*** Opening of Provided material ***

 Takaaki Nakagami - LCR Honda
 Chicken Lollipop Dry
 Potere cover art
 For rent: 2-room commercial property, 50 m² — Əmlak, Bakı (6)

*** Close of Provided material ***

What is needed:
Print, exactly as given, the lines from the one with "Chicken Lollipop Dry" through the last line of the material above, and no others.

Task solution:
 Chicken Lollipop Dry
 Potere cover art
 For rent: 2-room commercial property, 50 m² — Əmlak, Bakı (6)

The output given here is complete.